DATA SUPPLIED:
☆ ☆ ☆ ☆ ☆ ☆ ☆
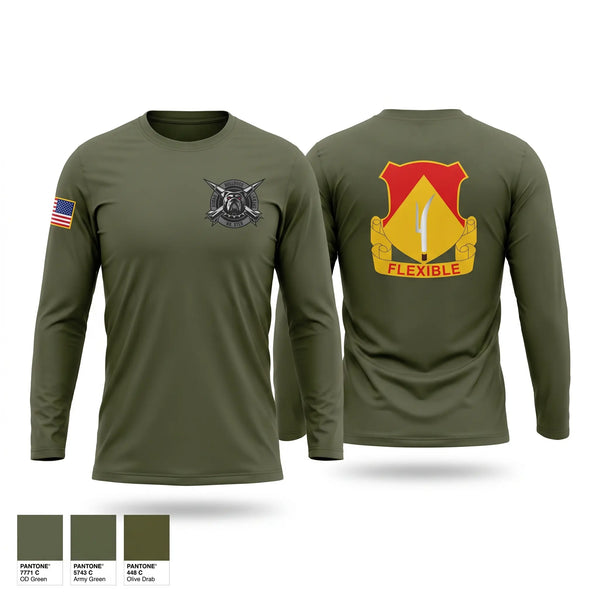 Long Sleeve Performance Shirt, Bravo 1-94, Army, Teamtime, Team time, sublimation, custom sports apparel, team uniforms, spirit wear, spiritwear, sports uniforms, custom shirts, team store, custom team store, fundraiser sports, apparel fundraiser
☆ ☆ ☆ ☆ ☆ ☆ ☆
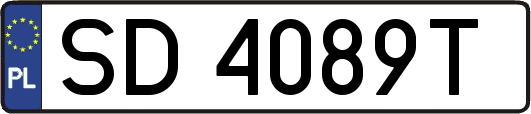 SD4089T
☆ ☆ ☆ ☆ ☆ ☆ ☆
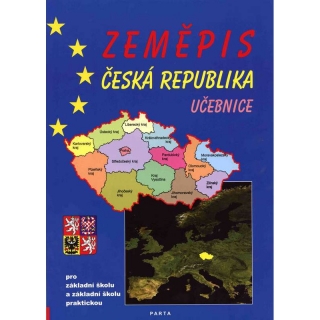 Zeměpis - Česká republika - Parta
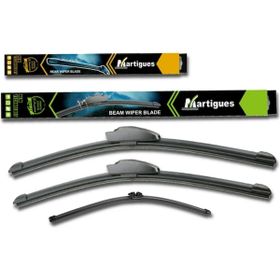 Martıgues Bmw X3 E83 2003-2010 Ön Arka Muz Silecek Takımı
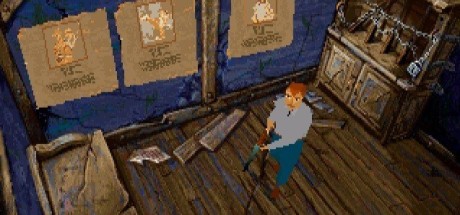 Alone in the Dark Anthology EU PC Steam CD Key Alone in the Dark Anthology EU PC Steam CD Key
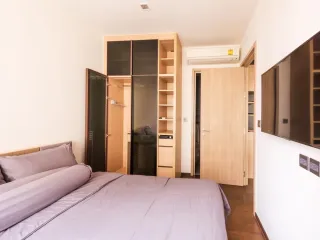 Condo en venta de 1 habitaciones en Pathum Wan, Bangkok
☆ ☆ ☆ ☆ ☆ ☆ ☆
WHAT IS EXPECTED: With the pictures omitted, restate word for word the lines above from the line that has "Martıgues Bmw X3" up to and including the line that has "Condo en venta", and no other lines.

OUTPUT BELOW:
 Martıgues Bmw X3 E83 2003-2010 Ön Arka Muz Silecek Takımı
 Alone in the Dark Anthology EU PC Steam CD Key Alone in the Dark Anthology EU PC Steam CD Key
 Condo en venta de 1 habitaciones en Pathum Wan, Bangkok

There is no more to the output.